I don't think it matters which way the things point so long as they are tight.

Sam


----------



## nielsamd (23 Apr 2008)

Thanks. By the time I realized there was a leak.... the gas was all gone.    Unfort. that was in the supplied 500g of German CO2 in the Lunapet `refillable' container. I am not keen on DIYing a FE... looks a bit scary    but if I can figure on getting a reasonable replacement of some sort  I will def. do a water dunking next time.
So.... I can't put a disposable can of gas on this regulator?


----------



## Themuleous (23 Apr 2008)

Ive never seen a refillable to disposable adaptor for a reg, but thats not to say they dont exist perhaps.

BTW whats scary about FE's?  They are just pressurized cylinders like the 500g one you have already.

Sam


----------



## nielsamd (23 Apr 2008)

Themuleous said:
			
		

> Ive never seen a refillable to disposable adaptor for a reg, but thats not to say they dont exist perhaps.



Hmmm I think I will try a search. There may be some Euro supplier out there......



			
				Themuleous said:
			
		

> BTW whats scary about FE's?  They are just pressurized cylinders like the 500g one you have already.
> 
> Sam



You are right of course.
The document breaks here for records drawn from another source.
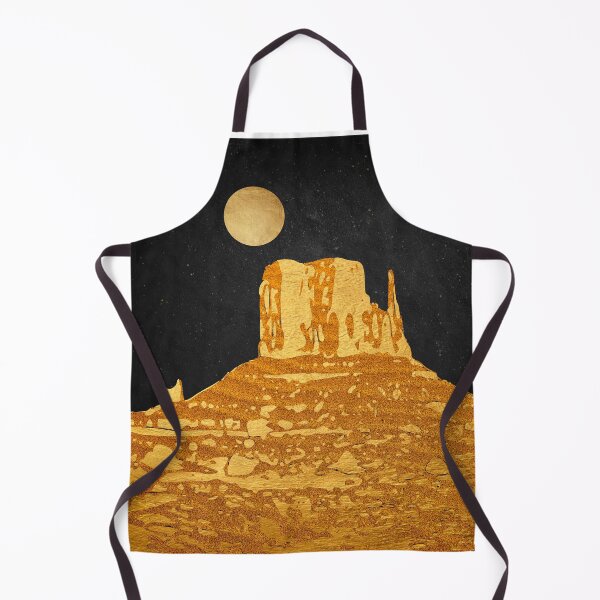 Item preview, Golden Moon over Monument Valley - Abstract Design designed and sold by JackMoreh.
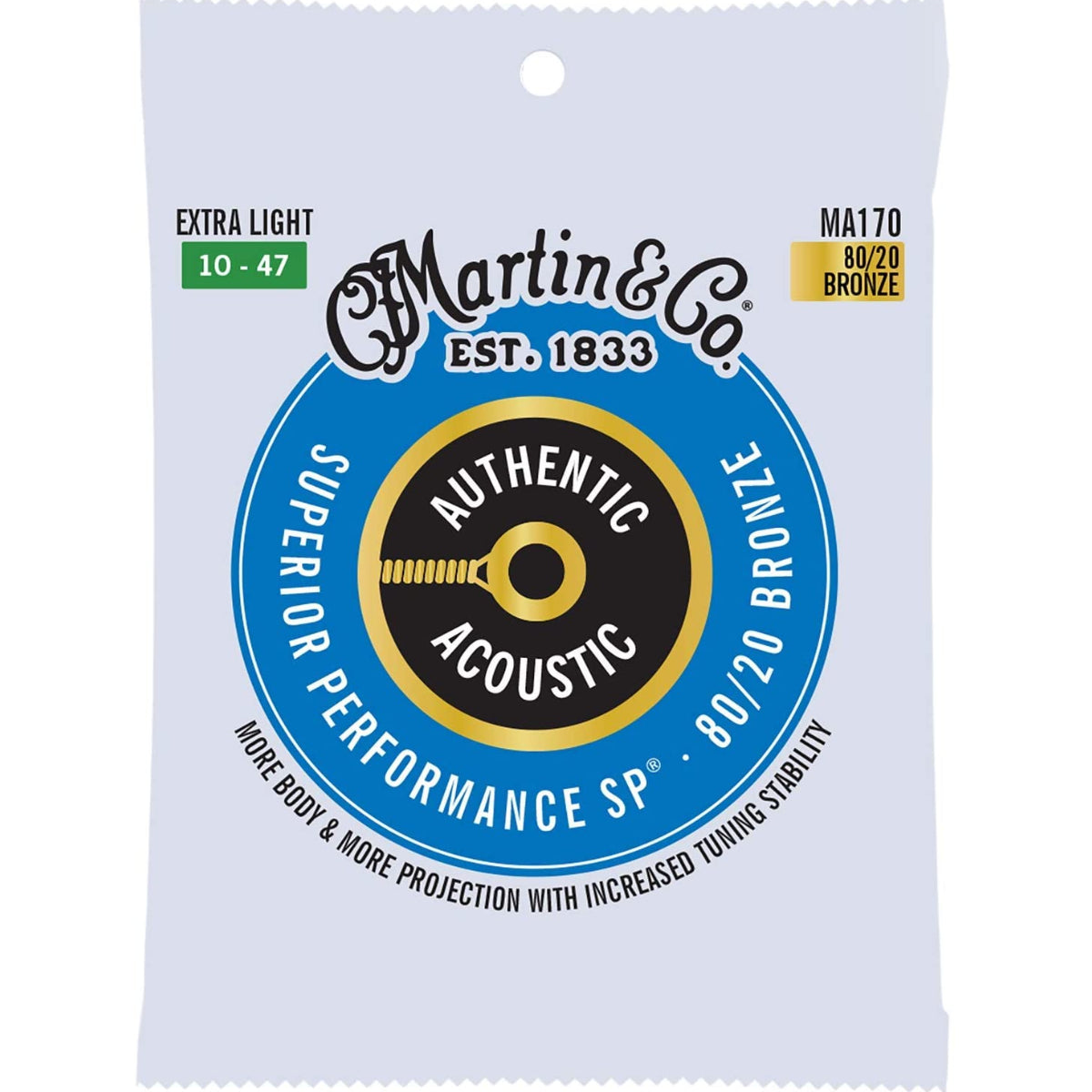 Martin MA170 80/20 Bronze 10-47 Extra Light Acoustic Strings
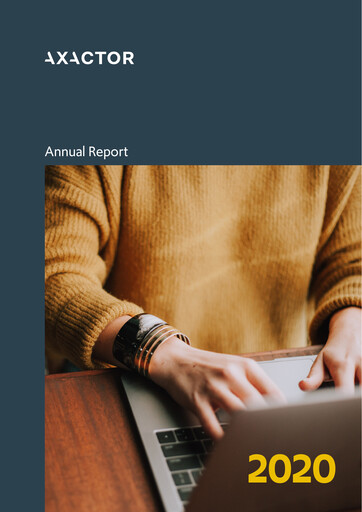 Thumbnail Axactor ASA Annual Report 2020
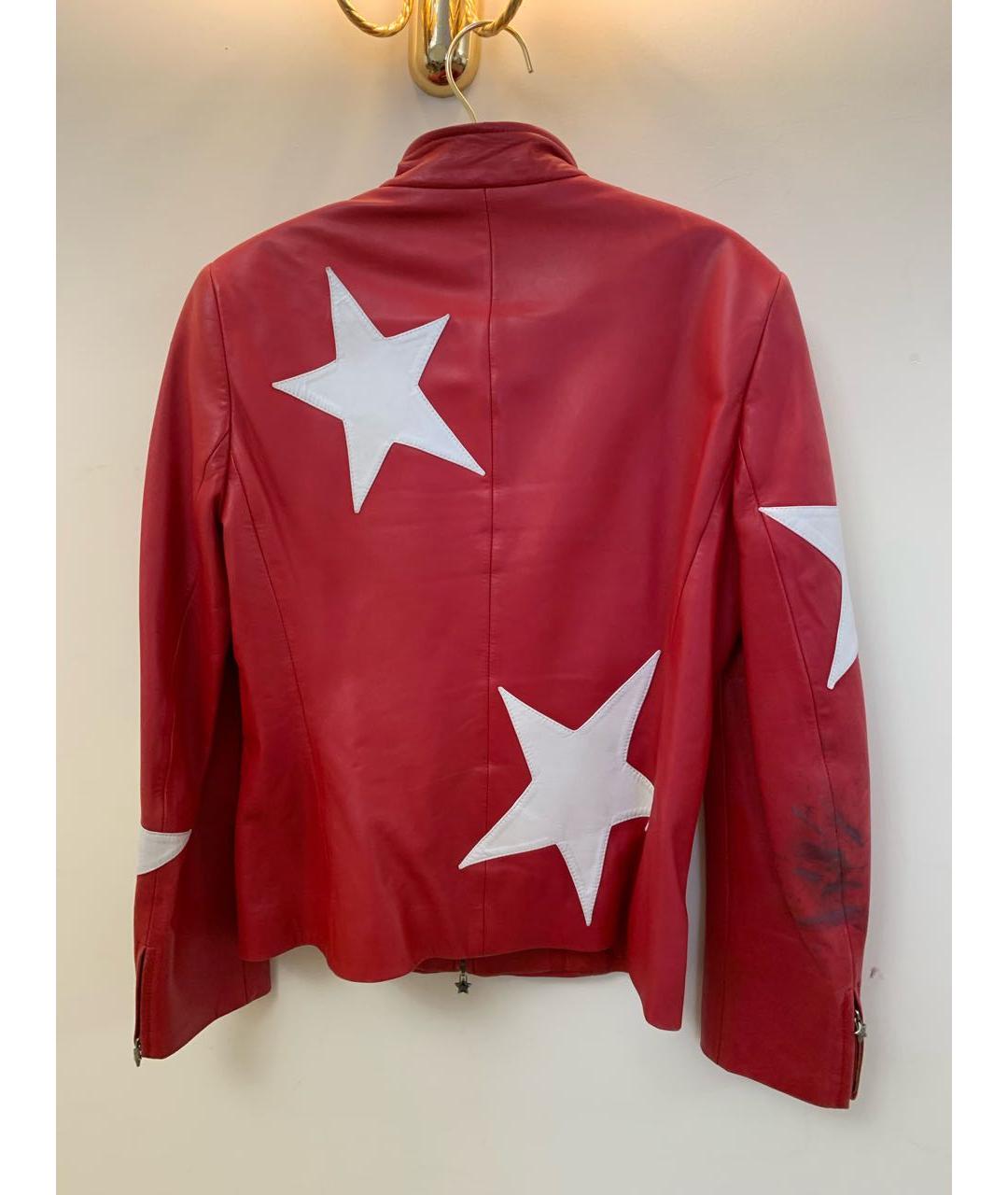 ESCADA Красная кожаная куртка, фото 2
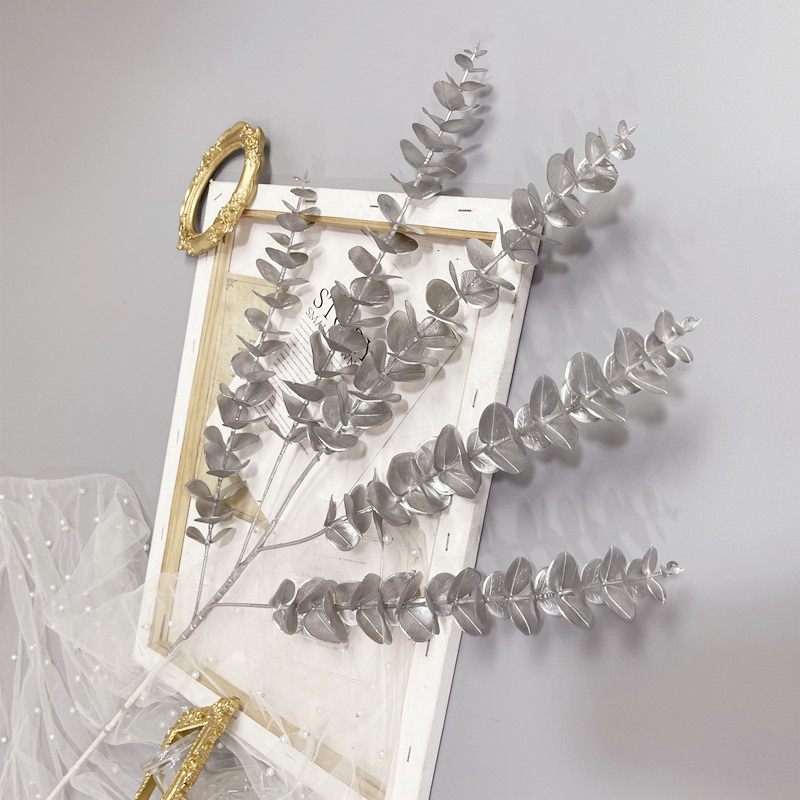 Eucalyptus Decor Bloem Zilver H90cm - Aulica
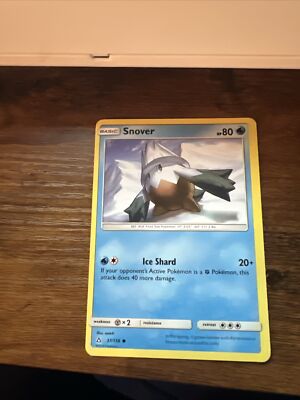 POKEMON Trading Card Basic Snover Hp80 37/156 2018 | eBay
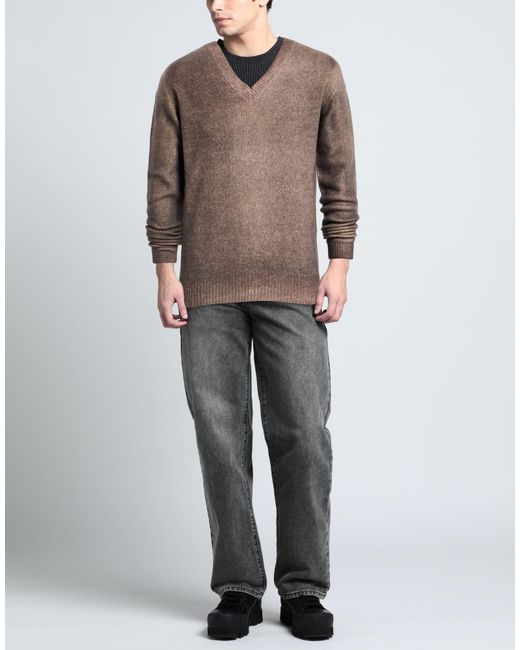 Aragona Brown Sweaters for men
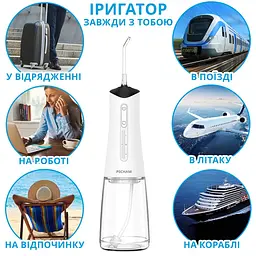 Іригатор Pecham Travel PC-5240 White - мініатюра 4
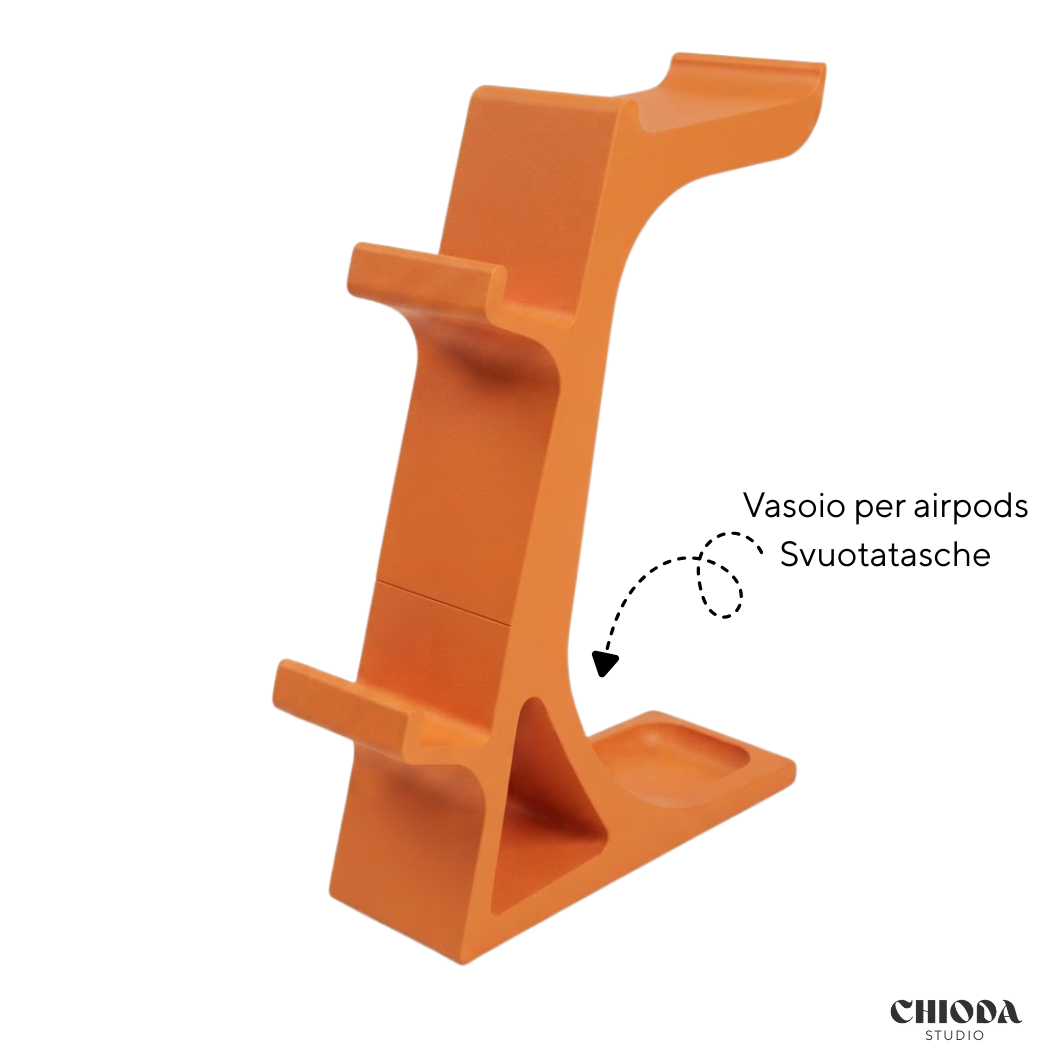Supporto 2 Controller e Cuffie Design | Chioda.Gaming
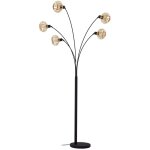 Lampadaire bois 'lielle' en bambou pour salon & salle � manger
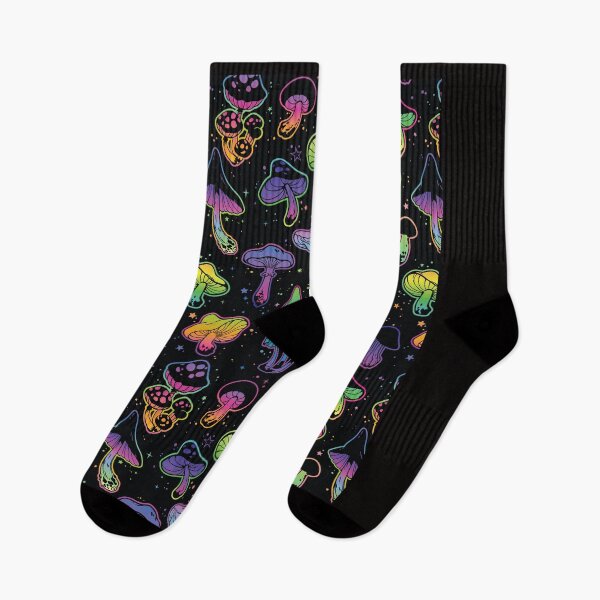 Item preview, psychedelic Mushrooms, Bright Color Shrooms designed and sold by BlackHoleMPD.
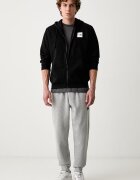 The North Face суичър с цип и качулка мъжки с памук Box Regular черен NF0A8JAZJK31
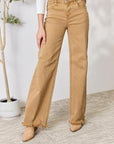 RISEN Full Size Fringe Hem Wide Leg Jeans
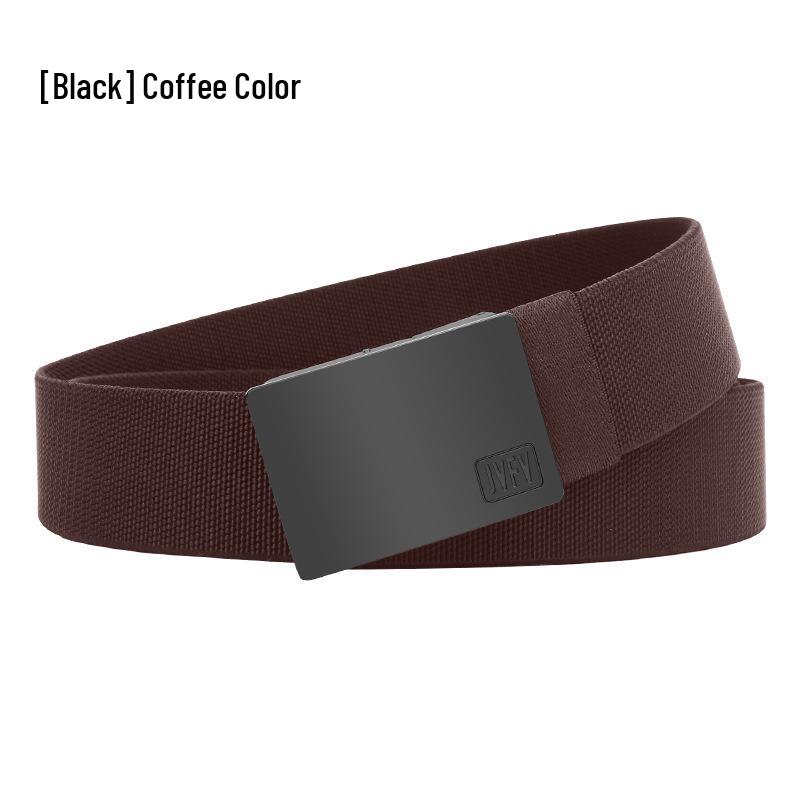 Men s Woven Tactical Belt with Press Buckle - Outdoor Sports Style by Douyin 120cm коричневый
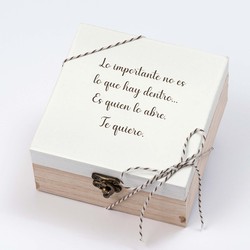 Pack regalo caja de madera personalizada Lo importante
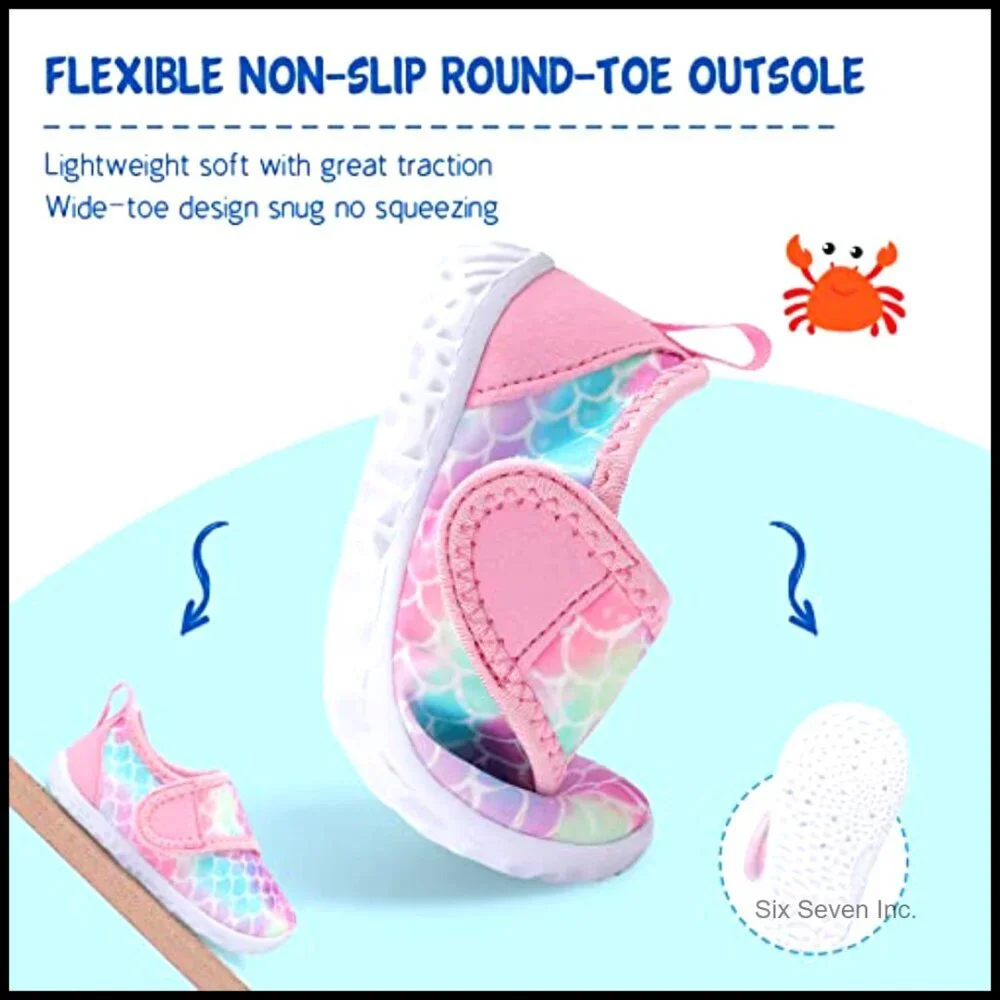 Quick Dry Water Shoes Breathable Athletic Toddler Beach Play Shoes Size 9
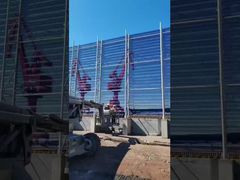 Sizin İçin Rüzgar ve Toz Engelleme İçin Yeşil Paslanmaz Çelik Sac Rüzgâr Kırma Çitini Tanıtın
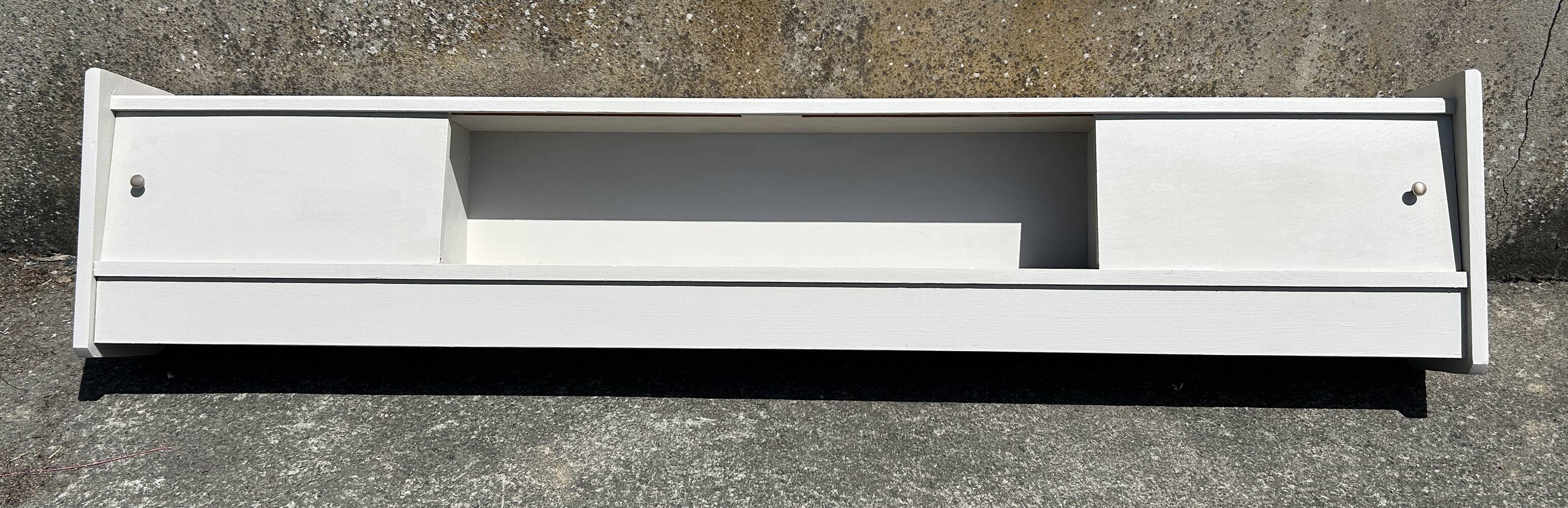 Wall shelf, hanging console, bookcase, cozy, vintage, 50s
Upon reflection the squeezy trigger of the FE is more user friendly than the somewhat quirky dial on the Lunapet `refillable' which I found had a bit of a pop-up action on it as you loosened it.... took me a few goes to get it right (assuming I did get it right and that it wasn't the source of my leak)..

Cheers, Niels


----------



## daniel19831123 (23 Apr 2008)

Occasionally you can get a 2kg Co2 bottle on ebay for Â£30 delivered. It's one of the proper one with the body as FE but they have change the push lever handle on FE to a twist open knob.


----------



## LondonDragon (24 Apr 2008)

nielsamd said:
			
		

> Hmmm I think I will try a search. There may be some Euro supplier out there......


If you find one let us know, I would be interested in this also


----------



## Garuf (24 Apr 2008)

Aqua essentials carry a disposable adapter for regs (Y)


----------